- Secretary-General: Domènec Sorneguet
- Founded: 1977
- Dissolved: 1984^{[citation needed]}
- Merged into: Valencian People's Unity
- Ideology: Marxism Valencian nationalism
- Political position: Left-wing

Party flag

= Unified Socialist Party of the Valencian Country =

The Unified Socialist Party of the Valencian Country (ca-valencia, PSUPV) was a Valencian political party created in 1977 by the Comunistes Independents del País Valencià ("Independent Communists of the Valencian Country"), a group of Valencian communists previously linked to the Valencian Marxist Front (FMV) who were disillusioned with the timid nationalist policies of the Communist Party of the Valencian Country (PCPV), as well as some members of the Nationalist Party of the Valencian Country (PNPV) left-wing faction. The party was led by Domènec Serneguet, its general secretary, and was officially registered in January 1978.

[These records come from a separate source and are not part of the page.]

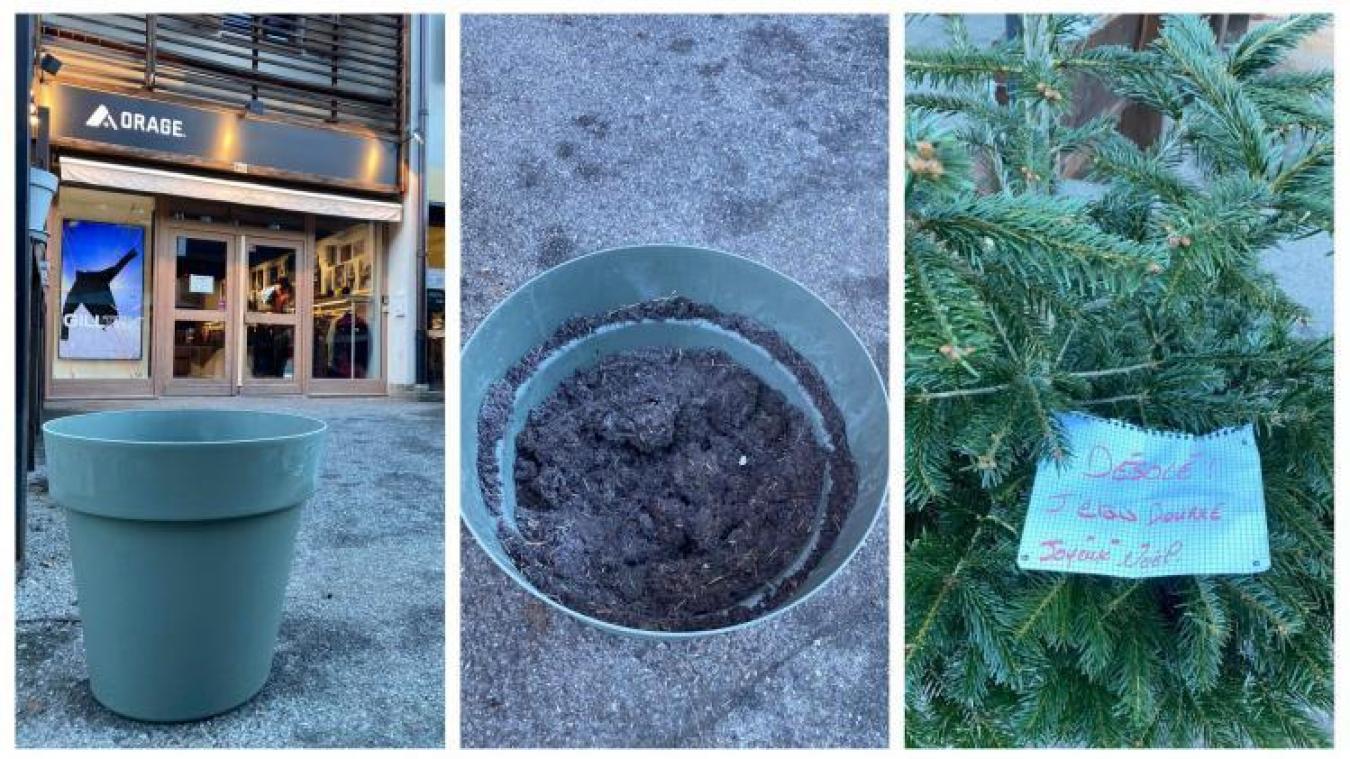 Waalse kerstboomdief verontschuldigt zich: «Sorry, ik was dronken»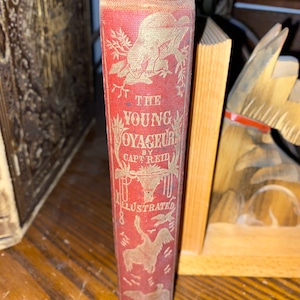 May include: A red book with gold lettering titled "The Young Voyageur by Capt. Reid Illustrated". The cover features a bear, birds, and a tree.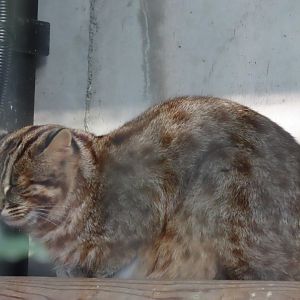 Tsushima leopard cat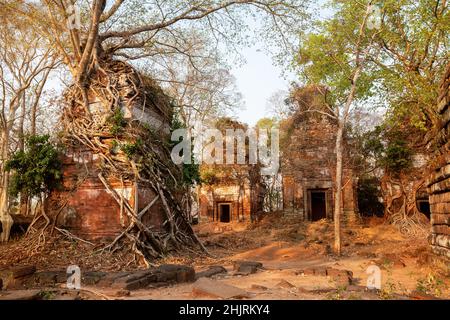 Rovine dell'antico tempio Hindu Prasat PRAM a Koh Ker, 10th secolo. Le rovine sono intricate da radici di alberi. Siem Reap, Cambogia Foto Stock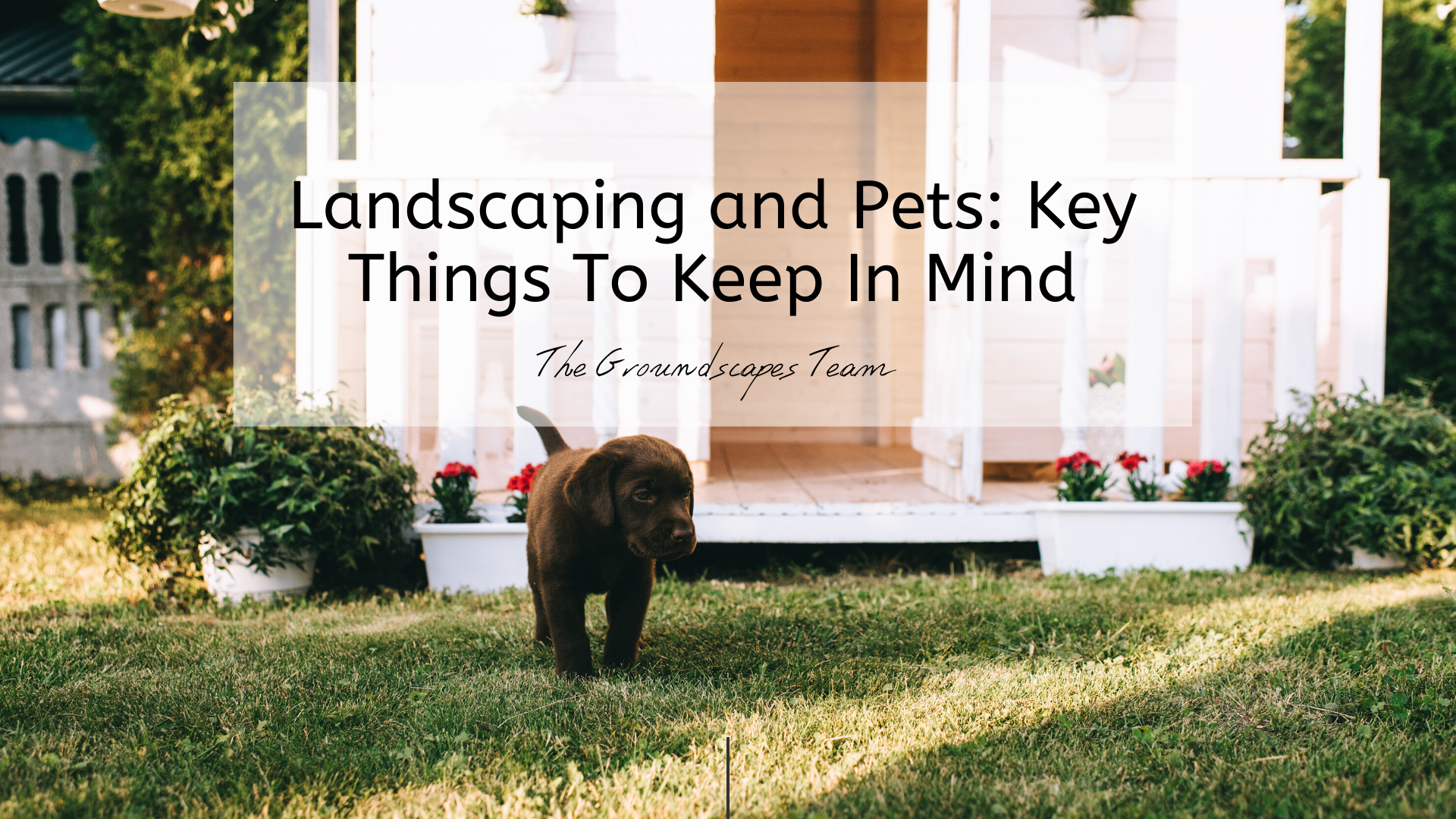 Landscaping and Pets: Key Things To Keep In Mind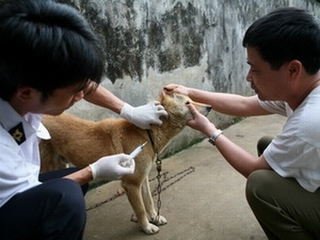 Hà Nội: Bệnh dại có nguy cơ bùng phát trở lại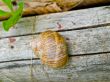 snail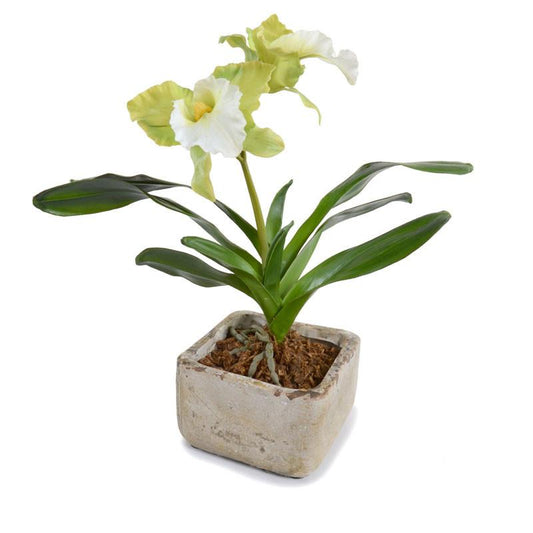 Small Cattleya Orchid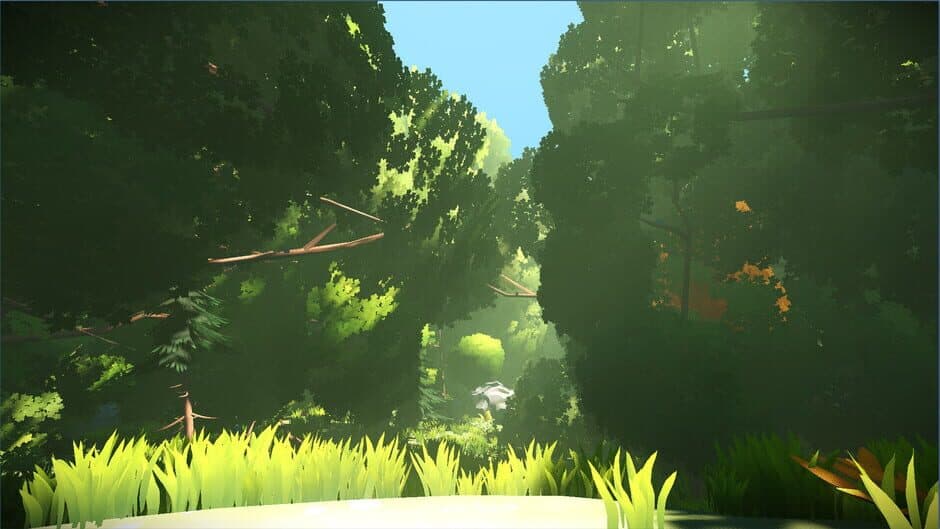 Look to the Birds - Captura 3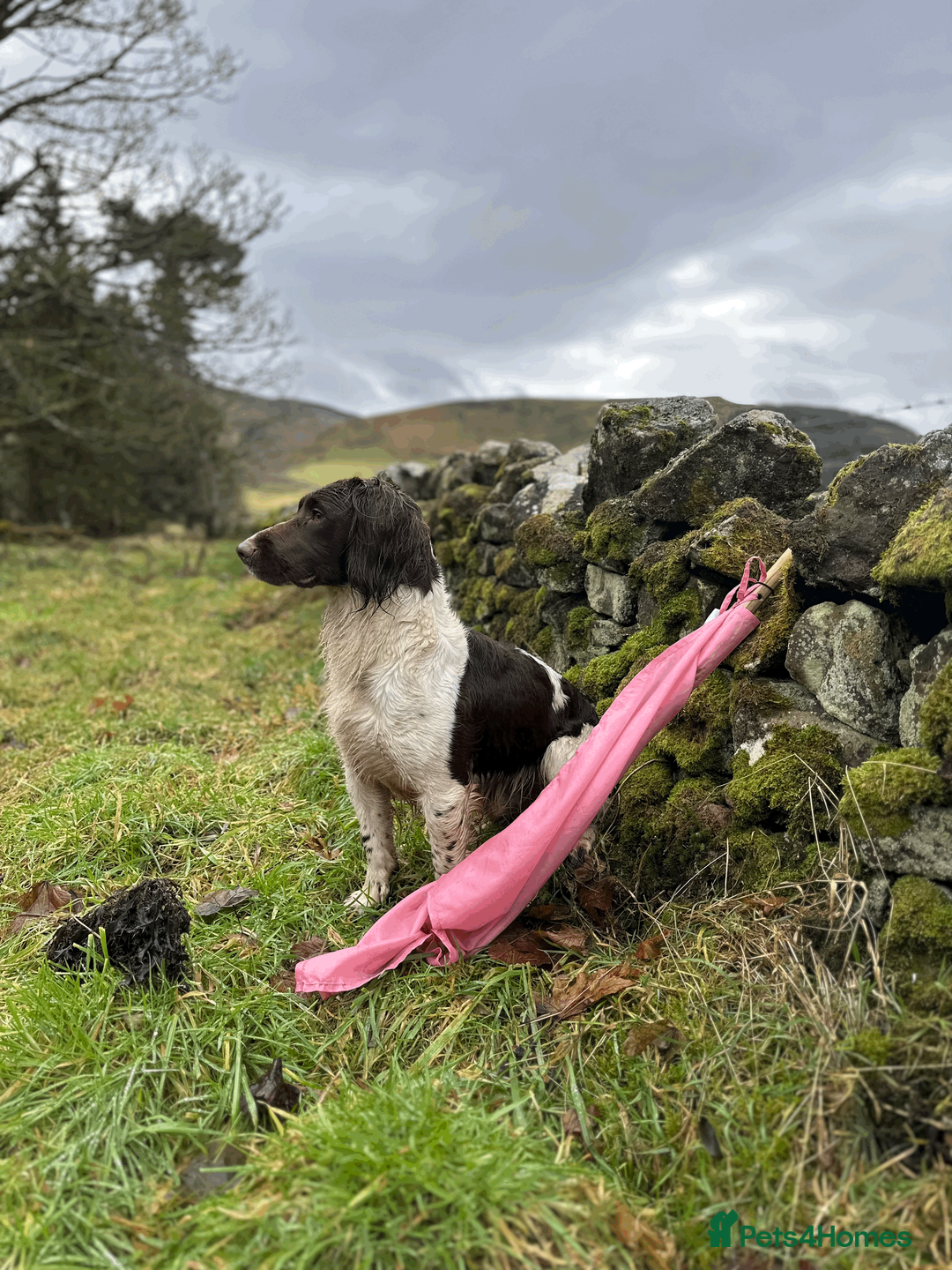 English Springer Spaniel dogs for stud: Heavily Marked Health Tested L/W Springer Stud - Advert 1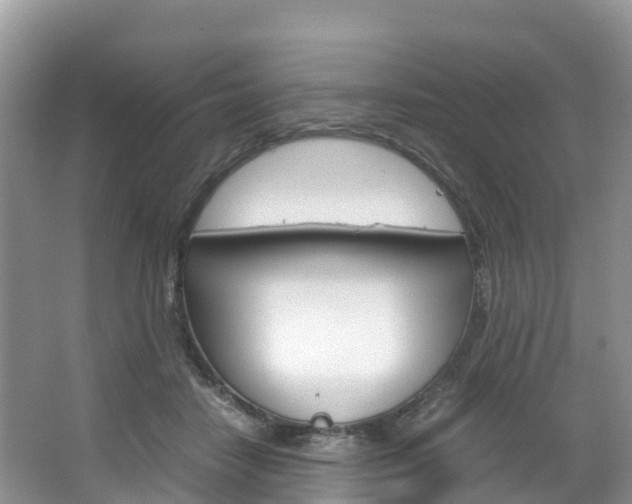 X0000066940458200603240939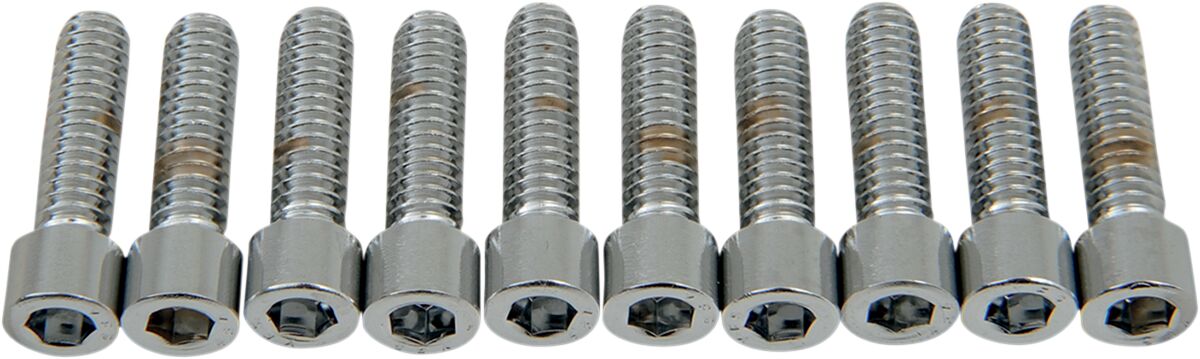 Drag Specialties 1/4 20 X 7/8 Smth Sckt Hd HARDWARE KITS - ASSORTMENTS Drag Specialties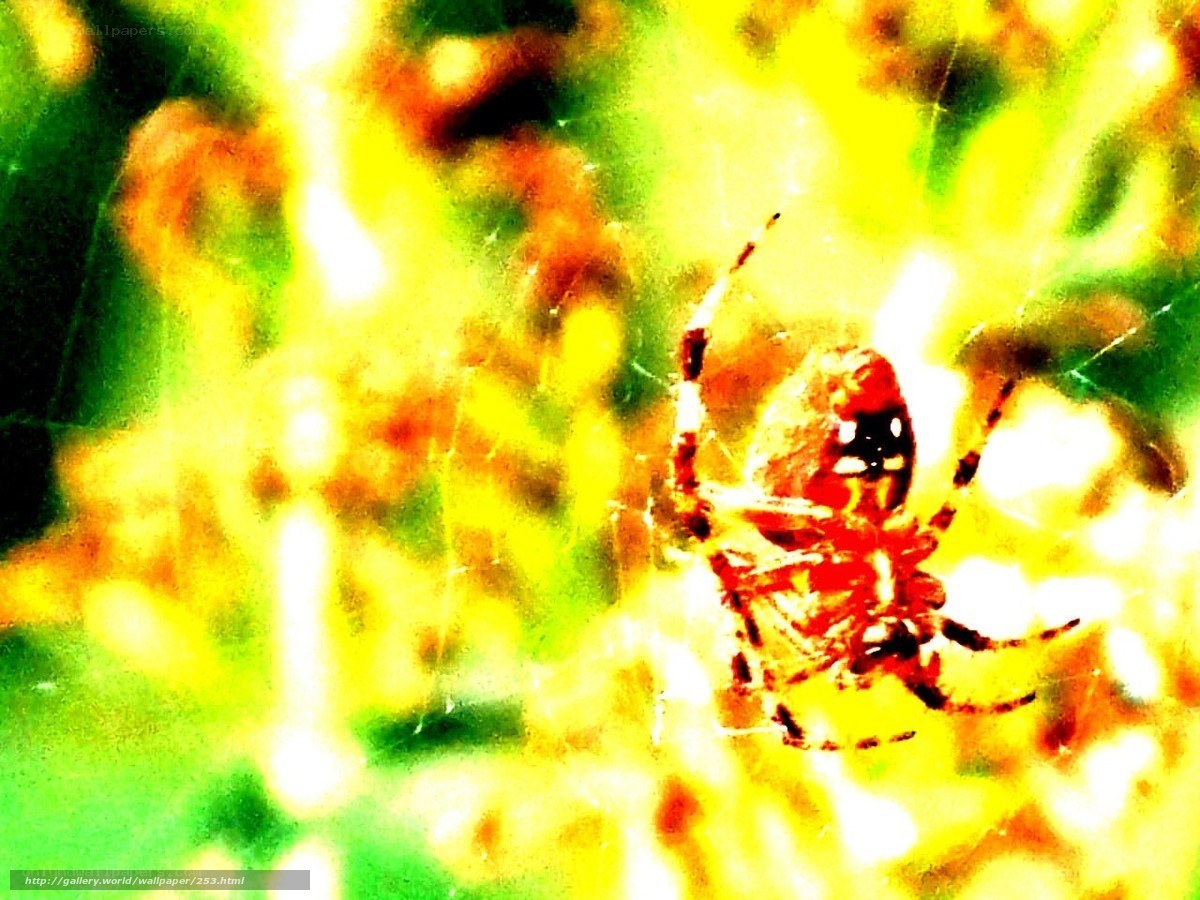Spider on a web in bright light
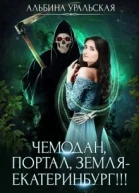 Чемодан портал Земля  Екатеринбург СИ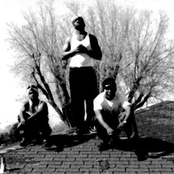 The Dove Shack - List pictures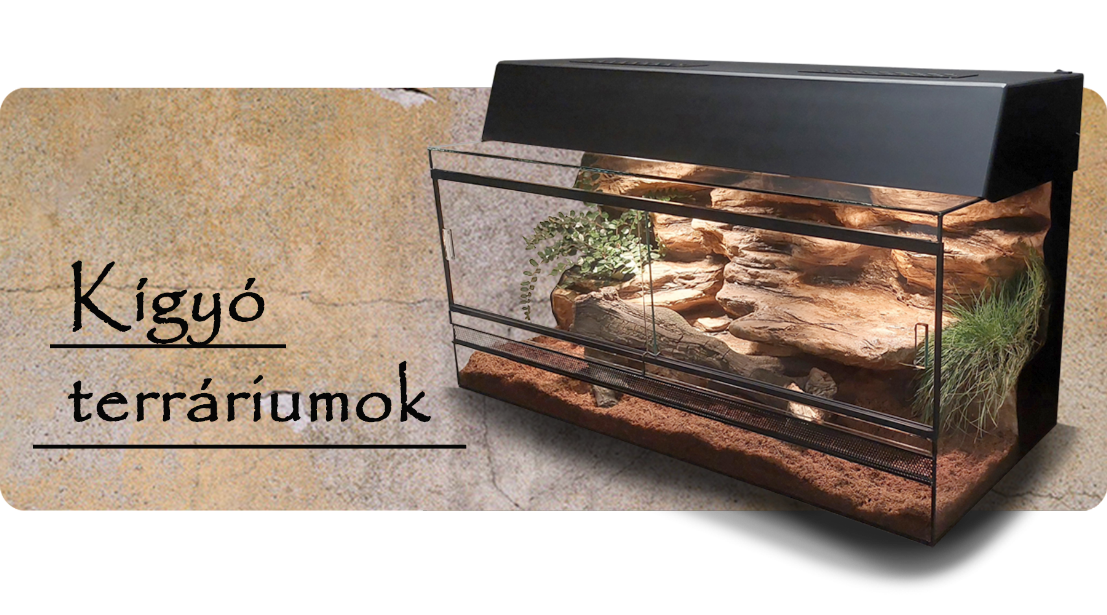 Kígyó terráriumok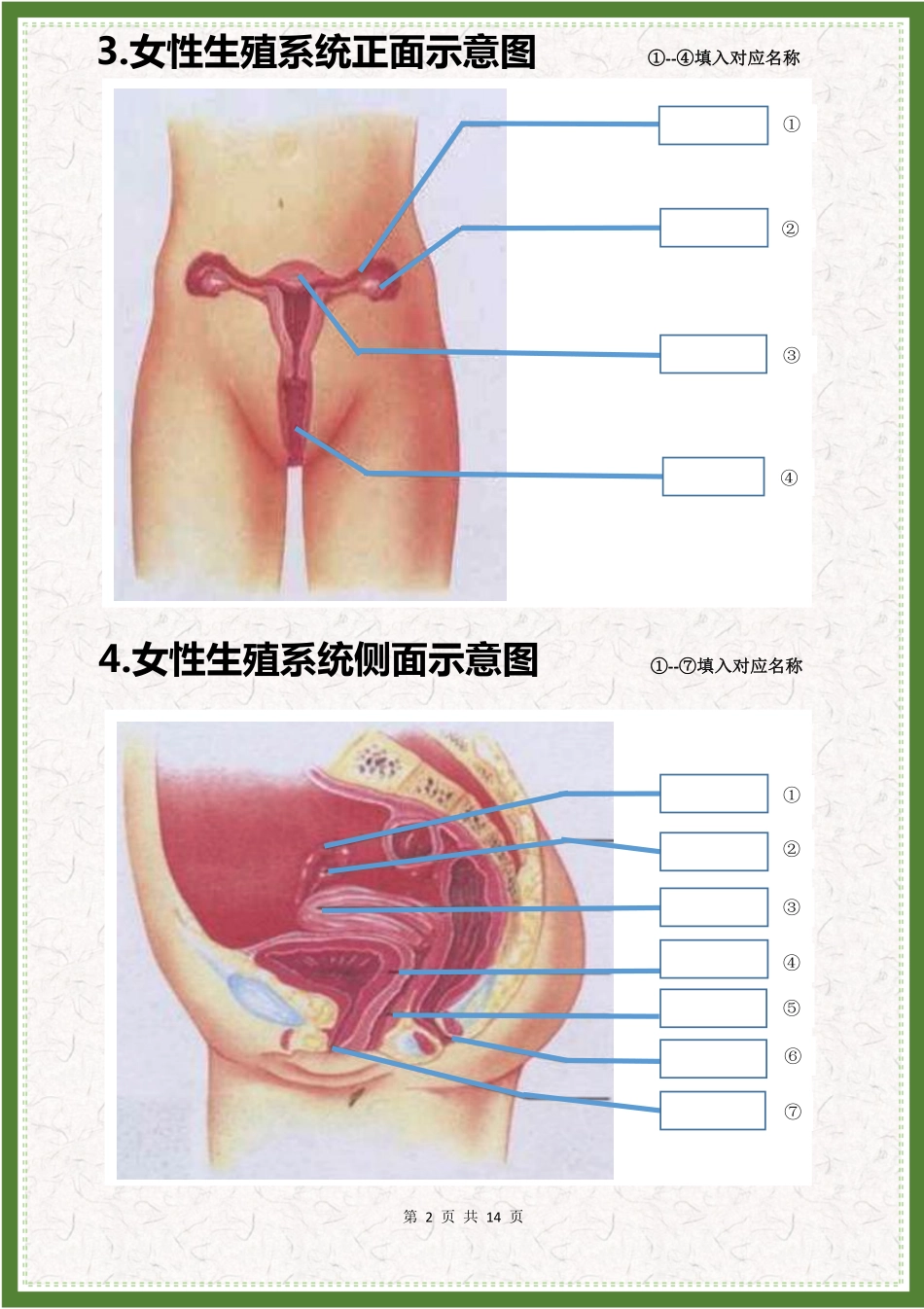 七下生物 40分钟掌握全部白地图识图题 刷起来_八年级下册_八年级下册生物.pdf_第2页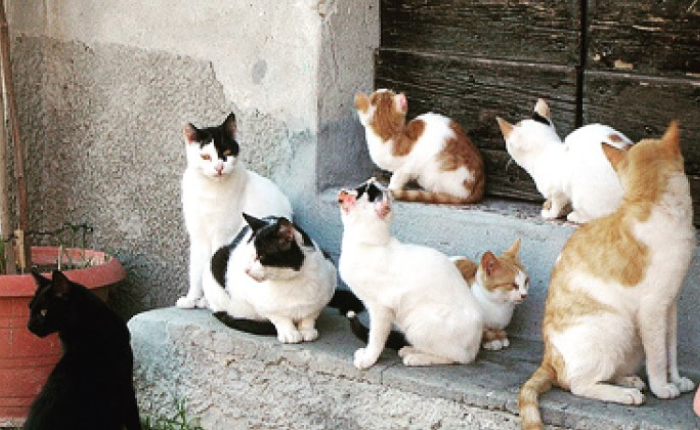 gatti colonia maccagno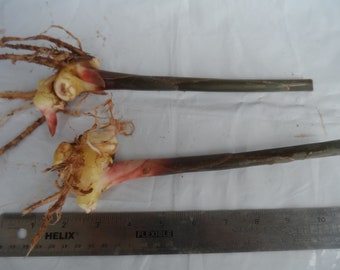 2x Shampoo Ginger Rhizomes, Zingiber zerumbet, Pine Cone Ginger Plant, Free Shipping w/ Free Offer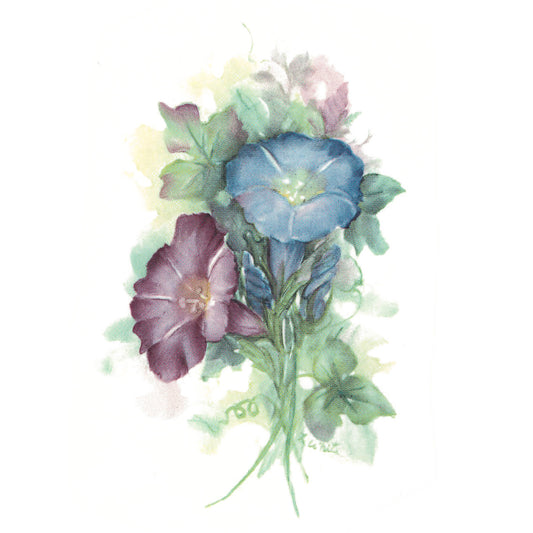 Flowers Morning Glory Overglaze Ceramic Decals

Although inspired by the Unified Socialist Party of Catalonia and seeking to join it, in practice, the PSUPV aligned itself with the Socialist Party of National Liberation (PSAN) and had established contacts with the Marxist Unification Movement (MUM) of Catalonia by 1978. Its ideology revolved around the fight for "the unity of the national and class movement" and "the unity of communists and Marxist socialists", while acknowledging the "evident historical, linguistic, cultural, and geographical ties" with Catalonia, the Balearic Islands, and the rest of the Catalan Countries. The party would eventually join and merge into the Valencian People's Unity (UPV) alliance in the 1982 Spanish general election.